Just Merit?: Authoritarian-Caring Parenting Style in China and the Challenge of Inequality and Hierarchy in Late Post-Revolutionary Societies
In: Qualitative studies, Volume 8, Issue 2, p. 79-100
ISSN: 1903-7031
The radical transformation of Chinese society in the previous decades has greatly improved the material lives of most people, but has also led to skyrocketing levels of inequality, and has subjected Chinese youths to unprecedented levels of socio-economic competition. Helping them to succeed in this competitive world necessitates both care and control from their families. This is evident in their scholarly education, but also in the pressure they receive to marry early and well.

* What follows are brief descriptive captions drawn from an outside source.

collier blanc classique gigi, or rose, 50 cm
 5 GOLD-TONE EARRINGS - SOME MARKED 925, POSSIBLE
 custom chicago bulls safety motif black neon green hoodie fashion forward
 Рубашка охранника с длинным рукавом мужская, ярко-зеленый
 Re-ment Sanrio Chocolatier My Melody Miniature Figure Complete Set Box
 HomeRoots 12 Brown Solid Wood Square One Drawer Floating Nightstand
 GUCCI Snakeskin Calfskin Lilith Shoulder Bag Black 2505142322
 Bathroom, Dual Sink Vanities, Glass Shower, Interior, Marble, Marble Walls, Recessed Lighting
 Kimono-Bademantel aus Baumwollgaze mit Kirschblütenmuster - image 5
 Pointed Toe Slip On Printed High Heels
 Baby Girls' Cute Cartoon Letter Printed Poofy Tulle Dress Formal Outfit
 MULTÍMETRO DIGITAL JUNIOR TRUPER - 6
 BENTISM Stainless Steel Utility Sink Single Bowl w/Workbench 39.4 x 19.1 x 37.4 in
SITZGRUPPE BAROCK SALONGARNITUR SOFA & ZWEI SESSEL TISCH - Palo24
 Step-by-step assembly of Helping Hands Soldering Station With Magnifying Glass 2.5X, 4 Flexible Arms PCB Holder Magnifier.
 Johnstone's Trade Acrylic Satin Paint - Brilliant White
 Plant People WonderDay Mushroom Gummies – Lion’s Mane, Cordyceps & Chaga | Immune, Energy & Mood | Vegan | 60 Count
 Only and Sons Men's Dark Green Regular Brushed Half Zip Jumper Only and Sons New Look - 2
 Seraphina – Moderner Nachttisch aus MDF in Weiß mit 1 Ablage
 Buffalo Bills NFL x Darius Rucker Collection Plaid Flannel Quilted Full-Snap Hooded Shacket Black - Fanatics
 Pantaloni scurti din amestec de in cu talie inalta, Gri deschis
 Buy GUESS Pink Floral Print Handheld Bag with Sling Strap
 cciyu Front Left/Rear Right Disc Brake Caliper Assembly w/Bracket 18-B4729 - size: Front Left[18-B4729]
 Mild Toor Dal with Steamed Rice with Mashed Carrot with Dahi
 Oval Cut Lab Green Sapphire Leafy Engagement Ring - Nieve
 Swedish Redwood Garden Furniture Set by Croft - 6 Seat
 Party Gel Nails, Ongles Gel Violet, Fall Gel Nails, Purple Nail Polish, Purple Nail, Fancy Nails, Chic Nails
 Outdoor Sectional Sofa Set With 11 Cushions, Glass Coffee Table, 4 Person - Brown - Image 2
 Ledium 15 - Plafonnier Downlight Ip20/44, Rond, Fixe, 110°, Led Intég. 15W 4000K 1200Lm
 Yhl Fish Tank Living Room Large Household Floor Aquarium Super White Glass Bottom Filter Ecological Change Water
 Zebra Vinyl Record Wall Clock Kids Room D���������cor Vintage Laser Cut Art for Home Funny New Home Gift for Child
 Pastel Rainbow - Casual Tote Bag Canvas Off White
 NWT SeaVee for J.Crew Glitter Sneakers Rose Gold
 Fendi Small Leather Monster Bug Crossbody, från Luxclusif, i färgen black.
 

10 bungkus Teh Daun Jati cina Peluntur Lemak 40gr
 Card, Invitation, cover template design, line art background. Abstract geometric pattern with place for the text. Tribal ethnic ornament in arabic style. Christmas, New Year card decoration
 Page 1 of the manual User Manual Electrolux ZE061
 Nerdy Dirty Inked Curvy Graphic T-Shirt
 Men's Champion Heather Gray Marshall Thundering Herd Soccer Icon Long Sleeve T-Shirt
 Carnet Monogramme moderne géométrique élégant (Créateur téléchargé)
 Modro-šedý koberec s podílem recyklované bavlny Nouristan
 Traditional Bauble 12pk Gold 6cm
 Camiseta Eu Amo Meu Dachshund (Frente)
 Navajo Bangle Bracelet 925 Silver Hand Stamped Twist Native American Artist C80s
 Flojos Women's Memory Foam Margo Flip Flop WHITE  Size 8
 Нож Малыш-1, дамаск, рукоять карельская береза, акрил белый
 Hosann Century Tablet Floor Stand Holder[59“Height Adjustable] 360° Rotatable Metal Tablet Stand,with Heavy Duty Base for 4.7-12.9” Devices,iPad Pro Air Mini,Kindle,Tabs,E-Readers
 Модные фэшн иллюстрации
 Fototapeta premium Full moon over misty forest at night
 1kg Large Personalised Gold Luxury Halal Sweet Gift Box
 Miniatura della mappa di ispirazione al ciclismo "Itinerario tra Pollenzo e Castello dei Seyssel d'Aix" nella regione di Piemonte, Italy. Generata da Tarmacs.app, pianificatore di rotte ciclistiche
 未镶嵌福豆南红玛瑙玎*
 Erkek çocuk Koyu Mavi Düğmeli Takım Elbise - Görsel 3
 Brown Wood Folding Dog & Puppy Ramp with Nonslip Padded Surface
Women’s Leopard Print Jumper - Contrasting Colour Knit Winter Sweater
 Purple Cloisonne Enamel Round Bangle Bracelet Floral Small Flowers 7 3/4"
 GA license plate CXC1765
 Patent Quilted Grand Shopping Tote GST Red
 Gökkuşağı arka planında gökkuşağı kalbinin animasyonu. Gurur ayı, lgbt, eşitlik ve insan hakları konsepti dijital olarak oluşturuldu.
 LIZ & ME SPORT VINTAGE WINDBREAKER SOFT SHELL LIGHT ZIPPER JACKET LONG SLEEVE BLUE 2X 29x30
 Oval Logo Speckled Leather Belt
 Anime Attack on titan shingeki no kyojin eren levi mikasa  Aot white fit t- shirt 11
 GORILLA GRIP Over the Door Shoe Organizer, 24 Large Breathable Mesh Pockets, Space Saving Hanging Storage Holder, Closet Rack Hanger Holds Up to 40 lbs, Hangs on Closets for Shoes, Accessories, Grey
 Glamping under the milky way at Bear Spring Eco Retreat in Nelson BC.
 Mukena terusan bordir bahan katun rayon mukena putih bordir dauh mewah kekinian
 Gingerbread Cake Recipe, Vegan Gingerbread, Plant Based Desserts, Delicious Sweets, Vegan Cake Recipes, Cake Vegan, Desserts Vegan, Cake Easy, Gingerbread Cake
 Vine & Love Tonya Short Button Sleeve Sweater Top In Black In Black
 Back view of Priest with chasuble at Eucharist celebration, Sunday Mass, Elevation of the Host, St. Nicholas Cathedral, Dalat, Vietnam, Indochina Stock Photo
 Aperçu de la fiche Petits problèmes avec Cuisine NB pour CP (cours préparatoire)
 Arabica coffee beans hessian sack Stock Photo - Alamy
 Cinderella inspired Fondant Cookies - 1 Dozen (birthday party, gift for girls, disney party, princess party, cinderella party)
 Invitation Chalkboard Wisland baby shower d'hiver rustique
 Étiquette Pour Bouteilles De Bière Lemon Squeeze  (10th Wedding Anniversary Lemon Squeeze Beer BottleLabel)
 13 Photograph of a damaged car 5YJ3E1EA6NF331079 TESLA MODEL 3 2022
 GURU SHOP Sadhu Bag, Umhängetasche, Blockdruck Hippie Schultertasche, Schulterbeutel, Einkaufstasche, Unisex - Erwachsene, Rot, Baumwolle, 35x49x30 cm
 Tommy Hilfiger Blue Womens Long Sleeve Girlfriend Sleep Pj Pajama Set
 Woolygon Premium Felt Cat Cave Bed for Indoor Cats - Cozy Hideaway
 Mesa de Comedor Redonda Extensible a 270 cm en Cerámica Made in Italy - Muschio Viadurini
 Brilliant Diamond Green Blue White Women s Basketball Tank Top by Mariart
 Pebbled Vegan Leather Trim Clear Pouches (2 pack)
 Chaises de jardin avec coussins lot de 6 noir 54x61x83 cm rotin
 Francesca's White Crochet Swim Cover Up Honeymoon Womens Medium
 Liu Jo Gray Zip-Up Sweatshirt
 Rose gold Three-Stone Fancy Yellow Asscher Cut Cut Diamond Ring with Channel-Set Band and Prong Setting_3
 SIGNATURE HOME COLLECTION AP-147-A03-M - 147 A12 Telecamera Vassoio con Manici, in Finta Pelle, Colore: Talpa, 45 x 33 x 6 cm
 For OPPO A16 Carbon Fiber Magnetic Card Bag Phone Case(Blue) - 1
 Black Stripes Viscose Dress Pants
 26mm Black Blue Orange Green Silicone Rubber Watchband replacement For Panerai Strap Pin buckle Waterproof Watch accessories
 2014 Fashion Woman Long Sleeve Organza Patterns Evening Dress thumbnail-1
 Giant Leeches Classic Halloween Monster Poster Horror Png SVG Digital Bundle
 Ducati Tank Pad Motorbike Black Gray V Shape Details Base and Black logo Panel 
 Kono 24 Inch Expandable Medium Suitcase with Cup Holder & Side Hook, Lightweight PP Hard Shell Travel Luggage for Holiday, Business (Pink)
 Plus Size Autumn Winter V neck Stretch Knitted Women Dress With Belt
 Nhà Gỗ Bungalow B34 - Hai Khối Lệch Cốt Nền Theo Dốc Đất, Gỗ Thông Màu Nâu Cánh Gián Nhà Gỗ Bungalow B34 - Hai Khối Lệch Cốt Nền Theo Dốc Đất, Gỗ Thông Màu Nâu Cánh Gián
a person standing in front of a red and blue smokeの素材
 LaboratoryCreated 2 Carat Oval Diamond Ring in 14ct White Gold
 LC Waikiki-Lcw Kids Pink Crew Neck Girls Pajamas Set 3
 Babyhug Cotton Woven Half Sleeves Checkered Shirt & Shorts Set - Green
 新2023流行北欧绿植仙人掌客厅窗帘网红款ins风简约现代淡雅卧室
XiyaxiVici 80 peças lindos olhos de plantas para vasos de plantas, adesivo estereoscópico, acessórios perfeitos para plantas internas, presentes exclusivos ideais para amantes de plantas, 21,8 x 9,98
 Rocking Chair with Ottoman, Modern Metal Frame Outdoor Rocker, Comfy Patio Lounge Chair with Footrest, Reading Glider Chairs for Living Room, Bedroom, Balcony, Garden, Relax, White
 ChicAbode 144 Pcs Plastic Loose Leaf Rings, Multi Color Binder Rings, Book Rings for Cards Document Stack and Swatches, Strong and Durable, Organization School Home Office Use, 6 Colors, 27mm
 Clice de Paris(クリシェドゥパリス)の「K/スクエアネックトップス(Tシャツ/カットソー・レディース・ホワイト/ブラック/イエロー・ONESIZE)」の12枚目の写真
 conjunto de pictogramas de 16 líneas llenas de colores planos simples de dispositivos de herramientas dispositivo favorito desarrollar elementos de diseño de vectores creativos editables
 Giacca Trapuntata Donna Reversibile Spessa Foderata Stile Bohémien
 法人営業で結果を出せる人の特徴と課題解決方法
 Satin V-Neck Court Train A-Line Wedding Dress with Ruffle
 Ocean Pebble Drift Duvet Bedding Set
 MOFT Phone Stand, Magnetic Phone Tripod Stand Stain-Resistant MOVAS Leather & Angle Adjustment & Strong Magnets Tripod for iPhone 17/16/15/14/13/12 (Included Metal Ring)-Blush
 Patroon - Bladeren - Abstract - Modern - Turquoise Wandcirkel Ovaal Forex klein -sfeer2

Both the pressure on their education and on their path towards marriage is imposed on them in the name of support. While many analyses of this situation tie it predominantly to a Confucian ethos imbued into Chinese culture, this article suggests an alternative way to analyze this situation: The revolutionary opposition to inherited privilege paradoxically transformed higher education and marriage into ultra-competitive open markets. Rather than imputing a culturally bounded explanation for this phenomenon, I maintain that the authoritarian-caring parenting style observable in present-day China reflects a situation which finds parallels in other late post-revolutionary societies: the intensification of the educational pressure put on the haves in order to distinguish themselves from the have-nots.